When Facebook first went public, there was a lot of criticism for it being far too reliant on traffic from mobile devices, and not turning this into a monetised opportunity. However, it has since launched the Facebook Exchange advertising platform which enables advertisers to programmatically serve ads that feel non-invasive and anonymous, yet extraordinarily relevant. Facebook has also been particularly clever with Newsfeed advertising. They’re charging per insertion, instead of per impression. Ads are persistent in the users’ feed, and all their friends will see them also and this is done without impacting on a user’s privacy. Facebook has leveraged the principle called “homophily” that guides a lot of social advertising, the basic idea that your friends will be interested in the same products as you.” One of the next steps for Facebook has to be the introduction of in-app advertisements. When this happens Facebook will have to be exceedingly careful not to aggravate its users by bombarding them with irrelevant ads. If Facebook is able to use the lessons it has learned through the launch of display and newsfeed ads, then I’m sure in-app advertising will provide great opportunities for advertisers and Facebook alike.
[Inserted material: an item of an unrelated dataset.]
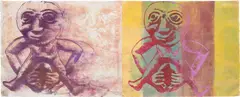 Nancy Spero, Sheela-na-Gig, 1996, handprinting and printed paper collage on paper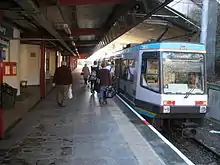 A T-68 tram at Bury Interchange in October 2007.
Sephi Shapira, CEO, MassiveImpact

It is quite certain that next quarter will be the first ever where Facebook's mobile business surpass its online. This is a clear indication of the huge potential that the constantly evolving mobile ecosystem holds for new comers that position themselves correctly. Facebook's mobile ad strategy deeply resonates with a core market trend towards performance advertising, maintaining this focus will propel Facebook into a position of leadership.

from Joel Nierman, media and marketing director, Critical Mass

Ever since Facebook’s execs shared its growing mobile revenues on an earnings call, the company’s stock price has skyrocketed. Why? Because investors are recognizing a macro-trend that us digital insiders have been predicting for a few years now. The legend of the year of mobile has ridden alongside a slow build instead of inspiring a watershed moment, and the build is finally high enough for outsiders to see above the trees. And while the attention of financial folks may legitimize all the mobile talk and spur a new set of startups looking to capitalize on the perceived mobile moment, the financiers have realized something much more important than “mobile is important now.” They know how mobile ads and marketing will be delivered – not via mobile banners, but as an integral part of a cross-screen environment. Right now only Facebook and a handful of others can deliver this cross-screen capability and format. Facebook is the most focused of any of these companies on a mobile ad product, hence the stock price boost. Over the long term it remains to be seen if a more compelling cross-screen ad product comes along. For now, the ad money follows the investment money.